MS Student Carly Campbell Advocates for Compassion in Palliative Care
May 2, 2022
“My hope, for when I graduate from CNHP, is that I will be able to take the skills, ideas and concepts I’ve learned to treat the whole patient with compassionate care,” says Carly Campbell, BSN, and current graduate student in the MS in Complementary and Integrative Health program. Campbell currently serves as an oncology nurse and balances her career with advancing her studies at Drexel.
As a full-time nurse, in addition to master’s student, Campbell is aware of the current challenges facing nursing in 2022, and yet she remains hopeful that new perspectives on persistent health inequities may lead to more robust and individualized care for patients.
“Everything can feel rushed in a hospital,” Campbell notes. “It can be such a challenge to delivering quality care. And yet, I am someone who has always believed that I am treating a whole person. They are not just their disease.”
Campbell was drawn to Drexel’s College of Nursing and Health Professions for her graduate studies because the Complementary and Integrative Health program offered her the opportunity to study health and wellness from internationally recognized leaders in the field. This evidence-based program provides health care professionals with the tools to assess, guide and evaluate patients by merging complementary and integrative health practices into the framework of conventional clinical practice. Coursework explores topics such as phytomedicine, functional nutrition and mind/body modalities, providing a solid foundation in core competencies, as well as a theoretical basis for applying these practices.
“Take cancer, for example,” Campbell suggests. “If you receive a cancer diagnosis, you may also receive a chemotherapy treatment plan. We have chemo for a reason, and yet we also have mindfulness, meditation, essential oils, yoga and more. These interventions are common in other countries and have been practiced for centuries. It is considered ‘novel’ in the United States, and yet, my program at Drexel highlights how these are also options for patients.”

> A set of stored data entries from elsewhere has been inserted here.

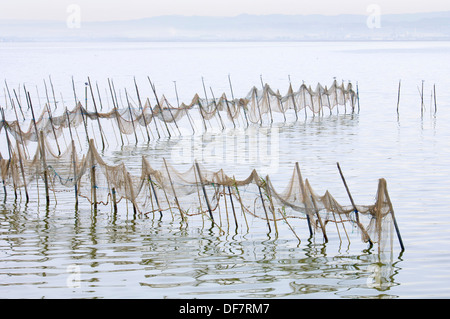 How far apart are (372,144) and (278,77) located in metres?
64.7

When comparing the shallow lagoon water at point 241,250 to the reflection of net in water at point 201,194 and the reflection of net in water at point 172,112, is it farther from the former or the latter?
the reflection of net in water at point 172,112

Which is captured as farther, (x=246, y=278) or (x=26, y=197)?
(x=26, y=197)

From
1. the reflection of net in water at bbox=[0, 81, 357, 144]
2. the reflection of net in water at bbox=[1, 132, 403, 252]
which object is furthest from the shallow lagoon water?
the reflection of net in water at bbox=[0, 81, 357, 144]

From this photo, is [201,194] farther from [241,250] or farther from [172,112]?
[172,112]

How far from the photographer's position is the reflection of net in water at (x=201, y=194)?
14750mm

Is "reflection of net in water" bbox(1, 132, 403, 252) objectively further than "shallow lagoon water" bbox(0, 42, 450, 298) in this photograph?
Yes

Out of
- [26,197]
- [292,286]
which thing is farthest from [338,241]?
[26,197]

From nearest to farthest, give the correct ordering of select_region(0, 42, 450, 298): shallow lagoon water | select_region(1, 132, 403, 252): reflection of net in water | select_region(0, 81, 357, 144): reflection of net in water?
select_region(0, 42, 450, 298): shallow lagoon water < select_region(1, 132, 403, 252): reflection of net in water < select_region(0, 81, 357, 144): reflection of net in water

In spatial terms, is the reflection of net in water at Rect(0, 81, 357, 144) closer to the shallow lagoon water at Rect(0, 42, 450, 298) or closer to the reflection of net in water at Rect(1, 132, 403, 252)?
the shallow lagoon water at Rect(0, 42, 450, 298)

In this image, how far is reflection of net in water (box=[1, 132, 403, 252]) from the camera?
1475cm

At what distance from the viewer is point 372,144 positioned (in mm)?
30906

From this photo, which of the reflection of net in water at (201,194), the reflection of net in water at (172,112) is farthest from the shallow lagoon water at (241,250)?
the reflection of net in water at (172,112) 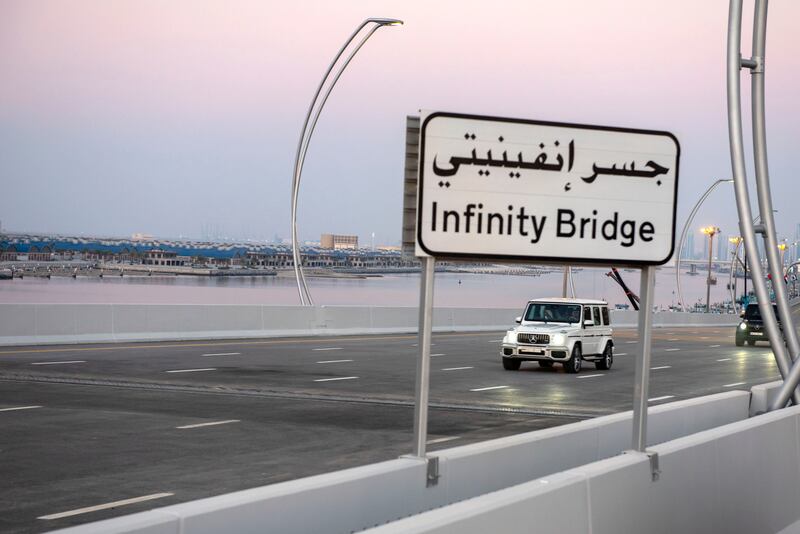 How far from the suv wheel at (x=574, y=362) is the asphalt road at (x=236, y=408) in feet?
0.98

Campbell says that one of the biggest surprises of her nursing career so far has been a passion for palliative care. While some may see a challenging diagnosis or long-term treatment plan, Campbell sees an opportunity to grow her communication skills as a nurse to best learn about and tend to the multi-faceted needs of her patients.
“I love palliative care,” Campbell shares. “While I didn’t anticipate becoming such a passionate advocate for palliative care education, it has become one of my favorite areas of healthcare.”
From her graduate studies, Campbell is learning how to stitch together Western medicine’s tools, techniques and procedures with international perspectives on wellness and healing. “When you take a complimentary approach to palliative care,” Campbell concludes, “You can really help patients live their best, most comfortable lives.”